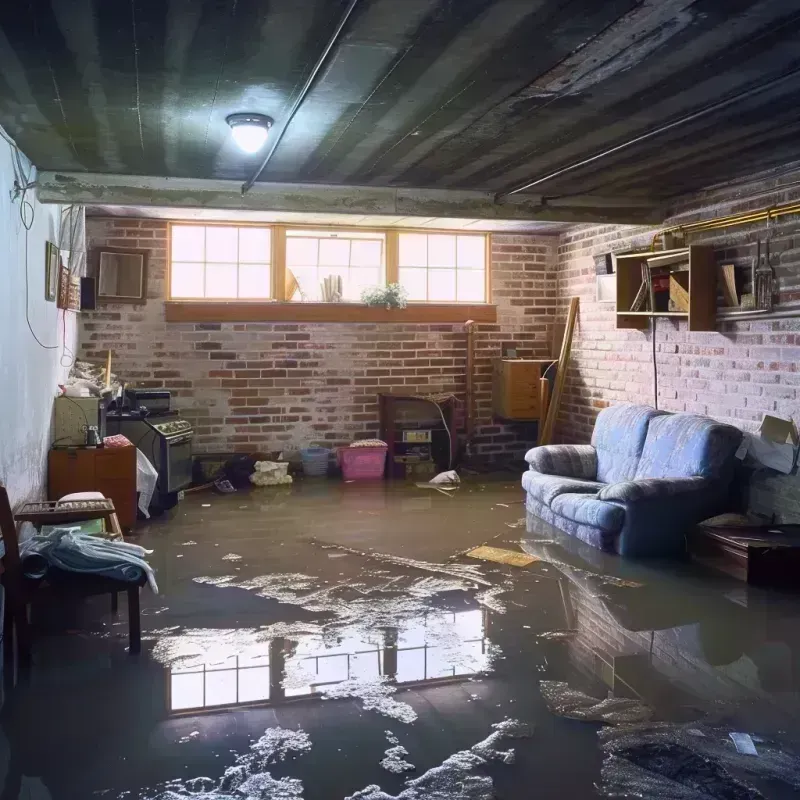 Flooded Basement Cleanup in Hardin County, IL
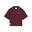 Tricou fitness femei croială lejeră, guler polo Class Relaxed Polo negru PUMA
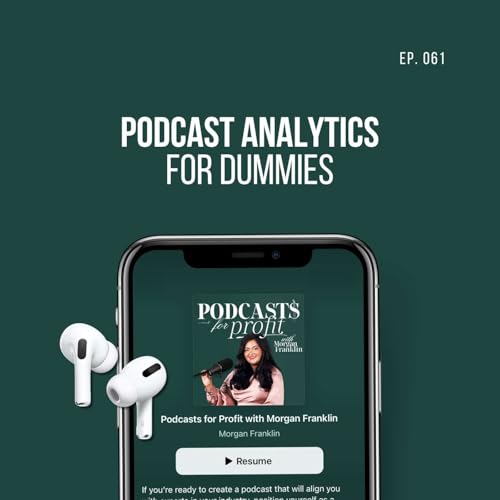 #061: Podcast Analytics for Dummies Podcast Por arte de portada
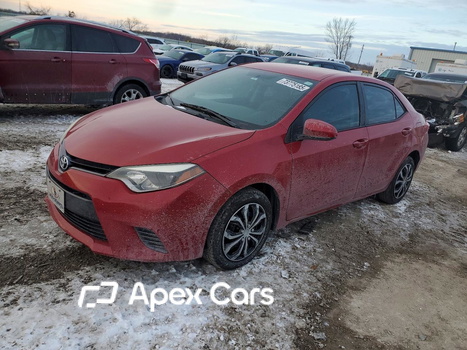 Toyota Corolla 2016 - Image 1 of 12
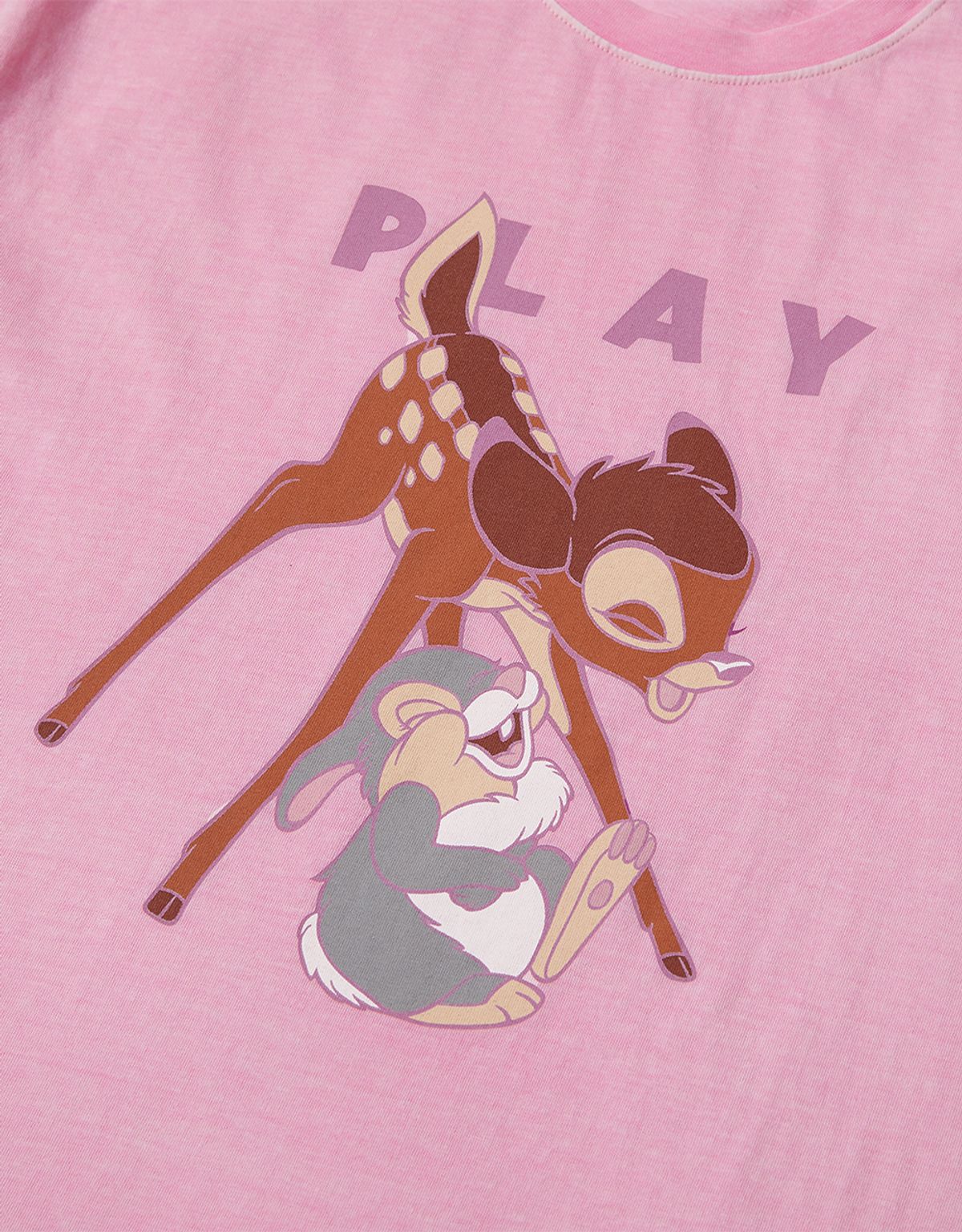 엠엠엘지(MMLG) [Mmlg] DISNEY BAMBI_PLAY HF-T (SOFT PINK)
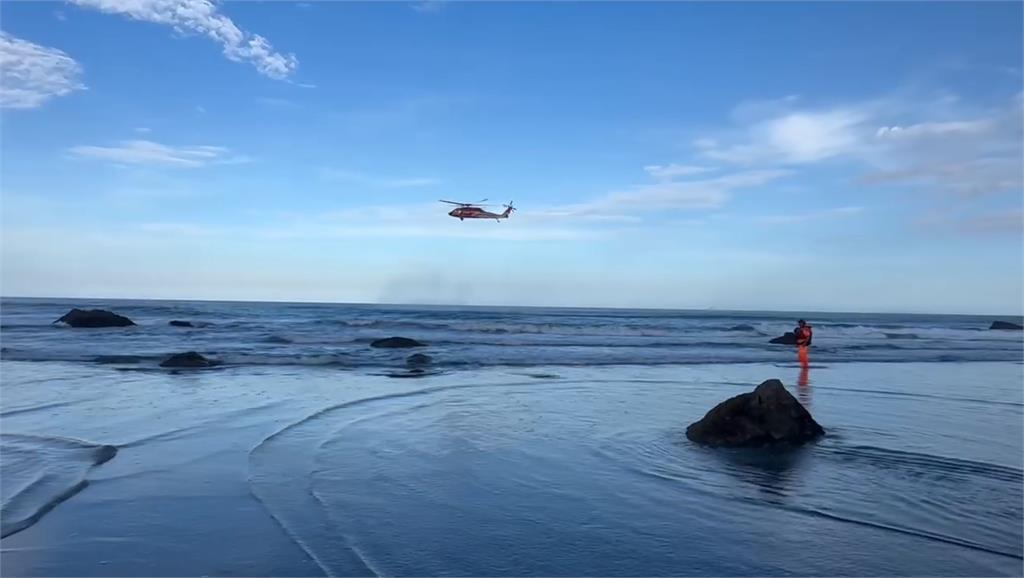快新聞／慟！戲水消暑遭海浪捲走　警消尋獲高中生遺體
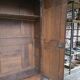 Armoire moulurée en chêne 18 eme 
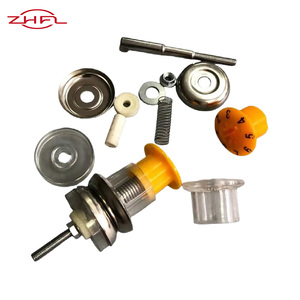 Spring Tension Set with Reed Ceramic Yarn Tensioner for <b>Weaving</b> Machinery Storage Feeder Textile Machine Spare Parts - Product Image 2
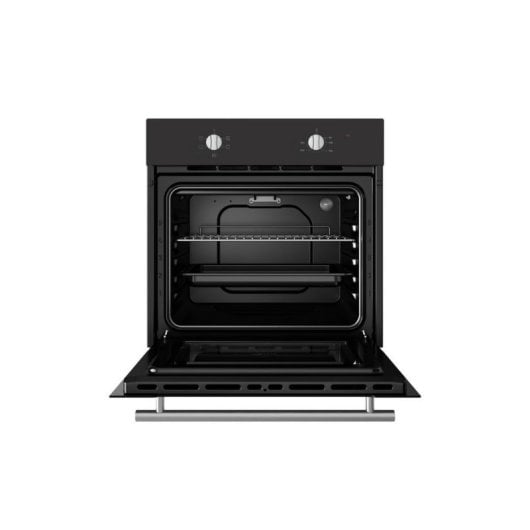 Horno Multifunción Midea MBO65M40M0-BK ST 70L 60cm Limpieza Manual A Negro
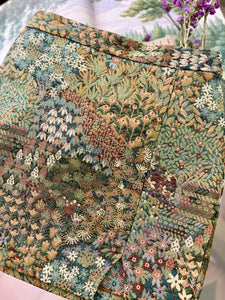 MINIGONNA JACQUARD FIORELLINI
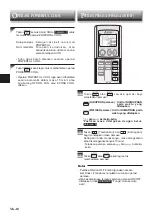 Preview for 28 page of Mitsubishi Electric Mr. SLIM MS-JR10VF Operating Instructions Manual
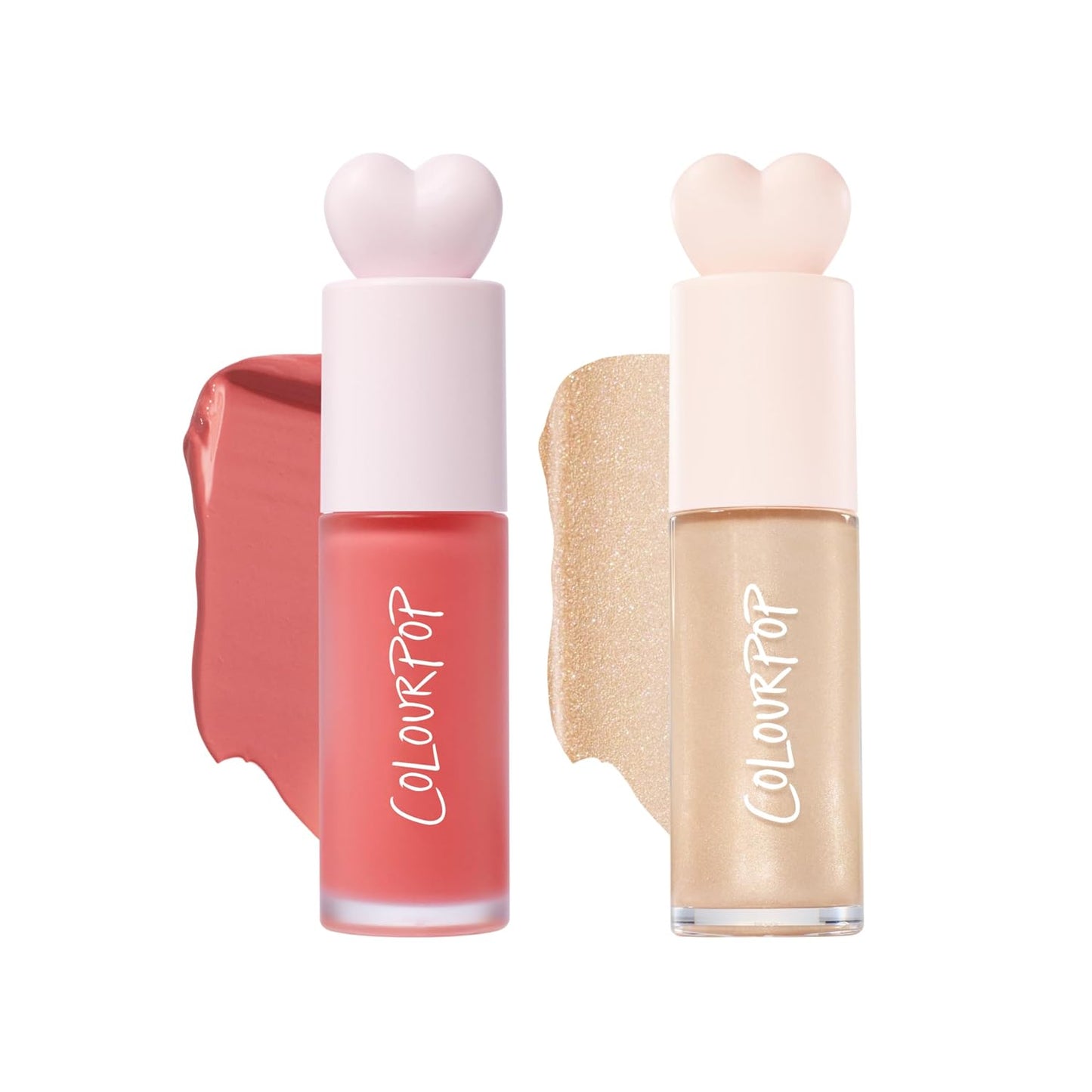 ColourPop Weightless Liquid Blush - Hydrating Cheek Color with Hyaluronic Acid | Glowy Pearl Finish, 0.3 Fl Oz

══════

> _Work instructions_: Quote, word for word and nothing more, every line from the line with "Horno Multifunción Midea" to the end of the entries, including both ends; skip any pictures.

> _The answer_:
 Horno Multifunción Midea MBO65M40M0-BK ST 70L 60cm Limpieza Manual A Negro
 MINIGONNA JACQUARD FIORELLINI
 Preview for 28 page of Mitsubishi Electric Mr. SLIM MS-JR10VF Operating Instructions Manual
 ColourPop Weightless Liquid Blush - Hydrating Cheek Color with Hyaluronic Acid | Glowy Pearl Finish, 0.3 Fl Oz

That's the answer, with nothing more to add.